I see this model as combining the Badawi model with the Walters' model. Each strand can be expanded into the Badawi picture, and the Walters' model is a more complete blow-up of the system at the point where it breaks out into 22 separate systems. The rope shows the inherent point of contact between all the systems, which is the still viable MSA.

Andrew Freeman's "rope" diagram

In closing this section I want to point out that if we try to add in every national variety of Arabic to Walters' picture we end up with something very similar to the author's "rope" picture. It bears mentioning that the Egyptian dialect has some influence on the vernaculars of the entire Arabic speaking world. Conversely, the Maghrebi dialects of Morocco, Algeria and Tunisia are heavily stigmatized and do not exert much influence on any dialects outside of their region.

The question still remains how long can this structure remain in place before individual national strands fray off the rope completely and become their language, with their own literature. The answer to this question still seems to be that it is not likely to happen soon due to the high status that Classical Arabic has. The only variety of Arabic so far to break off and form its own language is Maltese, and most scholars agree that this happened because the Maltese are Christians and don't consider the Arabic language sacred in the same way that Muslims do.

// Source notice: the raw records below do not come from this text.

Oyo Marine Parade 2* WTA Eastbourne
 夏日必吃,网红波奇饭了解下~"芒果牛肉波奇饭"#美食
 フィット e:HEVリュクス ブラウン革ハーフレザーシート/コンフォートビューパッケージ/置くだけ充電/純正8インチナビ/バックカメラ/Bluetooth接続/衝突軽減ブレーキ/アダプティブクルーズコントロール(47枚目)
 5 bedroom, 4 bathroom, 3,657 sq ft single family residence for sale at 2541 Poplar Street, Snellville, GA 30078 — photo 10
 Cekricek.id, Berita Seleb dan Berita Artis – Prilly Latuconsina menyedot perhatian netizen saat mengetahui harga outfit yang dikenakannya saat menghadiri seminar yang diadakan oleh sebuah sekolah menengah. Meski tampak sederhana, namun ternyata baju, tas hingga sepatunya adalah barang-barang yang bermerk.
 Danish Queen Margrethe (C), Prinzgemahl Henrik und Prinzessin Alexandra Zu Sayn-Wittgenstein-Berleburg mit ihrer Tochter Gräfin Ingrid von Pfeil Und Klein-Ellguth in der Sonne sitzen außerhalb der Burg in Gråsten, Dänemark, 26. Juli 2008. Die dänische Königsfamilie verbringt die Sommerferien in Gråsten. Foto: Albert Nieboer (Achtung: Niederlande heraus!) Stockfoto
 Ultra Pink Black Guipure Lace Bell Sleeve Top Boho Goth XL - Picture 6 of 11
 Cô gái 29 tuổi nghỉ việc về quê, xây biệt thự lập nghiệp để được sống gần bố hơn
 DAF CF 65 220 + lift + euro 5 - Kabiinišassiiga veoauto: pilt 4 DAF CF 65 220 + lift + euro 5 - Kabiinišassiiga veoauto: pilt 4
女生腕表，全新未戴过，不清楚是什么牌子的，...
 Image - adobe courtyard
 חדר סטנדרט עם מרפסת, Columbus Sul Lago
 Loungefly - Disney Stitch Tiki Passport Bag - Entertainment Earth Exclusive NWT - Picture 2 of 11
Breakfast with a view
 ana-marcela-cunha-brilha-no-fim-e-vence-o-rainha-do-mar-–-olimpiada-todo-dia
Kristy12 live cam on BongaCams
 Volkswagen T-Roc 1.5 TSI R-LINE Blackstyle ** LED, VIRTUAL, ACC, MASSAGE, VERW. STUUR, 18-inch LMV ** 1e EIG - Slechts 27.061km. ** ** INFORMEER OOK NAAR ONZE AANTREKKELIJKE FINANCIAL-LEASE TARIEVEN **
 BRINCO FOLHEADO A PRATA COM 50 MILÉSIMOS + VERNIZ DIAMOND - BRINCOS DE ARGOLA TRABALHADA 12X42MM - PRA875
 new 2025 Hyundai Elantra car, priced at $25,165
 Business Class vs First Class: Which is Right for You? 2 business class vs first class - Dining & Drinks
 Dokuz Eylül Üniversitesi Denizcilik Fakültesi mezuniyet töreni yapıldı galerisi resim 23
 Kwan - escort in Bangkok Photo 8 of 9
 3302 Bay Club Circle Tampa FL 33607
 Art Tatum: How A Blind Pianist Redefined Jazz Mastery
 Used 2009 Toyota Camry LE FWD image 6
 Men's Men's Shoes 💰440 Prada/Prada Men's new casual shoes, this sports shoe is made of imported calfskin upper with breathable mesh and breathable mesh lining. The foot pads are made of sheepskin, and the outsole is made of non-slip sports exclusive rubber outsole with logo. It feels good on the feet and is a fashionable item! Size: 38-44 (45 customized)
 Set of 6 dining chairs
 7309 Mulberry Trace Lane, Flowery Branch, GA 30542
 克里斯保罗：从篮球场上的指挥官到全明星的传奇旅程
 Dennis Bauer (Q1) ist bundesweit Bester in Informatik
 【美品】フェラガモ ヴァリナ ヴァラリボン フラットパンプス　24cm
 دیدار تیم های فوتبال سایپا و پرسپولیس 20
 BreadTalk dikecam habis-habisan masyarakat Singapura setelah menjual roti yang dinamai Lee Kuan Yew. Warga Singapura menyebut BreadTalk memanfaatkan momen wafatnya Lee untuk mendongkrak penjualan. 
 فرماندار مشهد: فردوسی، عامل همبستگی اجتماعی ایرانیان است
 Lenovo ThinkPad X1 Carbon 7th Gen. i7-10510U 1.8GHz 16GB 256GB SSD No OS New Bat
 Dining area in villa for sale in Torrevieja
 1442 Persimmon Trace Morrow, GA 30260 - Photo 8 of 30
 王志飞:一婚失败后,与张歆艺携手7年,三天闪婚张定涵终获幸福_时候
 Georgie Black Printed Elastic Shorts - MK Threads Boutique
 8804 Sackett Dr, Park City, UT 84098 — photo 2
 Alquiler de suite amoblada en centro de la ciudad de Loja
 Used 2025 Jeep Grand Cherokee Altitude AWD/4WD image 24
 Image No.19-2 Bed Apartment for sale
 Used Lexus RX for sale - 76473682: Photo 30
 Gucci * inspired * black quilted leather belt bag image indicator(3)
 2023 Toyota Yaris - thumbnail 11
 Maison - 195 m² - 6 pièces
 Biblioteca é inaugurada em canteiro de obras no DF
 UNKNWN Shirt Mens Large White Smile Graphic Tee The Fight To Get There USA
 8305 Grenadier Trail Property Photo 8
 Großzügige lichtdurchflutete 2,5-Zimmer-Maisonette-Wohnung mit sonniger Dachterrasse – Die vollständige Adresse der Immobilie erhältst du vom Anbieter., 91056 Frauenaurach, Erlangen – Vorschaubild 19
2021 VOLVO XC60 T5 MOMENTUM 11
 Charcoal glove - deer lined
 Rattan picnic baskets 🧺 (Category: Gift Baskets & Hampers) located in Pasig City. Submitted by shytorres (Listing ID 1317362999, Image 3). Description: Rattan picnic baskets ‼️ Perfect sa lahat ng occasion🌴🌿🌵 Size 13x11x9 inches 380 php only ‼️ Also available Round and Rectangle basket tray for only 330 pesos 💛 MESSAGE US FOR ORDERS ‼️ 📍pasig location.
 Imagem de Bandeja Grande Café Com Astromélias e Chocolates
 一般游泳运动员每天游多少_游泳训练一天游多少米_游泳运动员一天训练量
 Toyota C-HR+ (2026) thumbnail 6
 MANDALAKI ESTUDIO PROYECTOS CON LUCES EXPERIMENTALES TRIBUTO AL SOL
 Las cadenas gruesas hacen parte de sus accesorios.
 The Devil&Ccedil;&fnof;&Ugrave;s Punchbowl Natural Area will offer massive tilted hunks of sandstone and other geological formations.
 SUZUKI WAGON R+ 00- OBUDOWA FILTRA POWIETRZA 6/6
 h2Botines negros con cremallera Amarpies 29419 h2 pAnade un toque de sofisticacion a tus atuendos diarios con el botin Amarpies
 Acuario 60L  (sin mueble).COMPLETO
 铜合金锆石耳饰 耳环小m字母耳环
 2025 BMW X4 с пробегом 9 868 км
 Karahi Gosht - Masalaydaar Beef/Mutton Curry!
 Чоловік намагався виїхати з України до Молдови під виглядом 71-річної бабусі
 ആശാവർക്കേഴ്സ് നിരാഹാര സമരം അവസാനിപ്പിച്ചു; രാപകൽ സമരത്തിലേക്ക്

Another phenomenon that receives attention is the so-called "Middle Arabic" or "Educated Formal Arabic", that is a very classicized version of dialect or a very colloquialized version of MSA. The debate revolves around whether this is a stable form or a set of ad hoc accommodation strategies between educated speakers of mutually unintelligible dialects or if it is merely unsuccessful attempts at speaking MSA. Is this the direction of the current language change in progress for Arabic? Are the dialects moving closer to each other and to MSA at the same time, while MSA continues to be simplified and move in the direction of the dialects? These questions are very controversial. One thing that everyone agrees upon is that the national dialects are undergoing a leveling process and that there are a lot of recent borrowings from MSA into the dialects. European languages, especially English and French, still reign supreme in the realms of Science and International Commerce in the Arab world. No doubt there is lots of opportunity for ambitious linguists to study code-switching and language contact phenomena for years to come.